Die erste Zinsanhebung im Jahr 2017 ist erfolgt. Gestern Abend hat die US-Notenbank den Zinskorridor zum dritten Mal in den zurückliegenden eineinhalb Jahren um 25 Basispunkte angehoben und weitere moderate Zinserhöhungen in Aussicht gestellt. Mit drei unterstellten Leitzinserhöhungen pro Jahr hatte sich der allgemeine Tenor der US-Notenbank in den vergangenen Monaten in Richtung einer marginal schärferen Geldpolitik verschoben. Nun scheint die Fed offensichtlich auf dem richtigen Weg zu sein, denn die Währungshüter haben keine Änderung am derzeitigen geldpolitischen Kurs vorgenommen.

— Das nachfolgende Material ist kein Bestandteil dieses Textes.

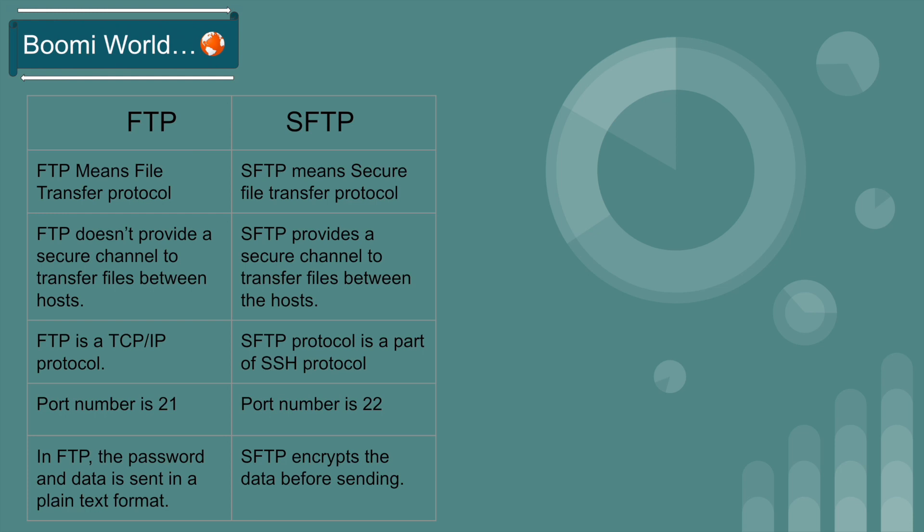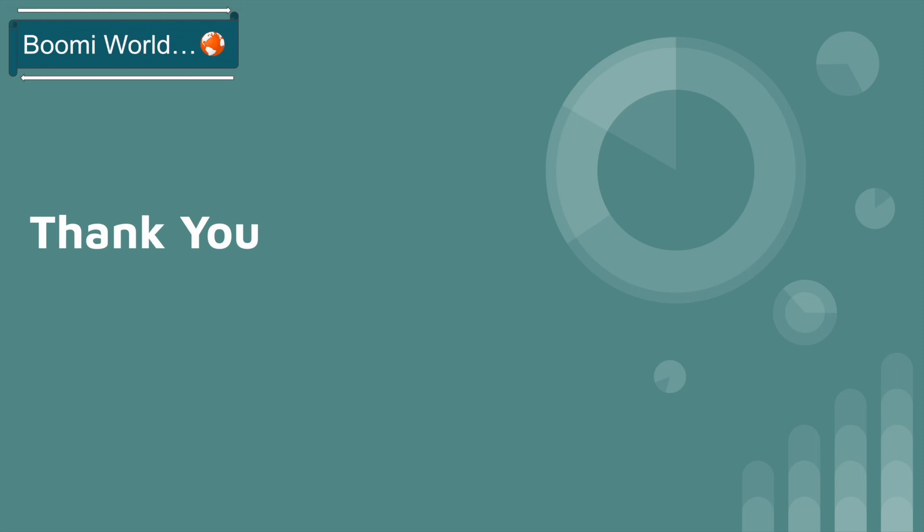These are the differences between FTP and SFTP server. Hope you understand the video. If you like my video, please like, share and subscribe to our YouTube channel and don't forget to click the bell icon so that you will get notifications whenever I post a video. Thank you all, see you in my next video. Until then, bye-bye.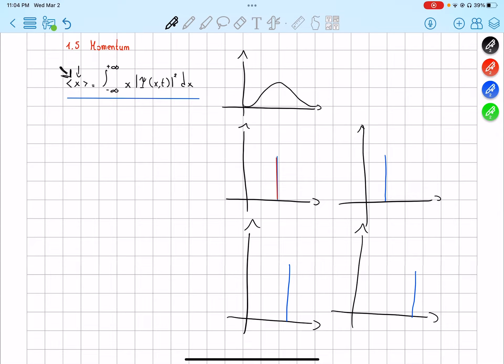It actually hasn't moved. But if you instead have several particles with the same properties — same position, same state — and you measure the particles' positions at the same time, the average will equal the expectation value that we found.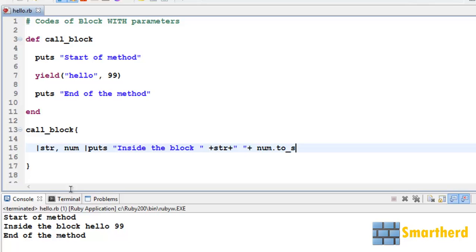Yeah here we go. Start of the method, then yield 'hello 99'. Then this code is executed puts 'inside the block hello 99'. Then after that, end of the method.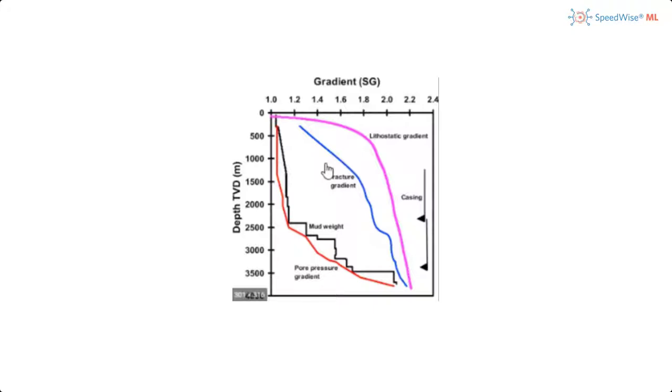This is a highly challenging task when it comes to tuning the mud weight in real-time, especially in the operational working environment.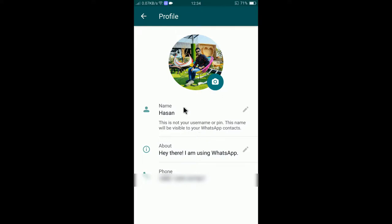There you go — the name is now completely changed. This is how you can change your name in WhatsApp. This name will now be visible to other WhatsApp accounts and to your friends on WhatsApp.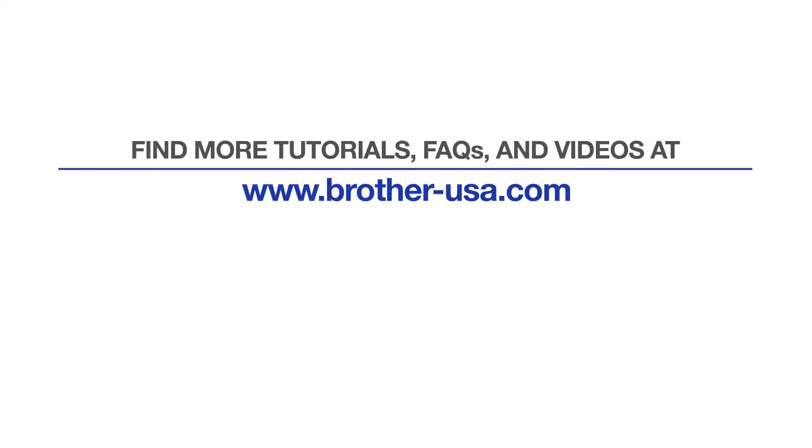For more tutorials, FAQs and videos, visit us at brother-usa.com. If you found this video helpful, be sure to subscribe. Thank you for choosing Brother.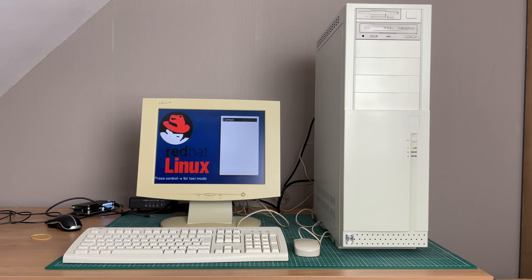Hey guys and welcome back to the channel. The year is 2000 and I'm rocking this gorgeous Intel Pentium 2 machine with Red Hat Linux 7. But why is that?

Bei den Projektionen waren in erster Linie die Erwartungen der FOMC-Mitglieder bezüglich des Leitzinspfades interessant. Der sogenannte „Dot-Plot“ zeigt im Vergleich zu den Einschätzungen der Fed-Ökonomen im Dezember 2016 einen gleichbleibenden Zinsanstiegspfad für die kommenden Jahre. Im Median erwarten die Fed-Verantwortlichen einen Leitzins von 1,4% per Jahresende 2017. Ende 2018 werde der Leitzins bei 2,1% und im Dezember 2019 bei 2,90% stehen. In der Pressekonferenz hat Yellen ebenfalls versucht, die Kontinuität in der Geldpolitik hervorzuheben.

Insgesamt haben die Aktienmärkte nach der Entscheidung der US-Währungshüter leicht im Plus geschlossen. Die Rendite der zehnjährigen US-Treasuries ist in einer ersten Reaktion um sechs Basispunkte gesunken, während der US-Dollar Verluste verbuchte. Die Marktreaktion war zweifelsohne der Tatsache geschuldet, dass viele Marktteilnehmer mit einer weiteren Verschärfung des geldpolitischen Kurses gerechnet hatten.

Das jüngste Treffen des FOMC-Rates hat im Wesentlichen unsere Einschätzung bestätigt. Wir sehen keine Veranlassung, unsere derzeitige Prognose von insgesamt zwei weiteren Leitzinserhöhungen in diesem Jahr zu ändern. Diese dürften einerseits im Juni und dann wieder im Dezember erfolgen. Ende 2017 liegt die obere Begrenzung der Fed-Funds-Rate wohl bei 1,50%. Im September erwarten wir keinen Zinsschritt. Die Fed könnte dann Details über eine Änderung der Reinvestitionspolitik bekannt geben. Dies dürfte eine ebenso restriktive Wirkung haben.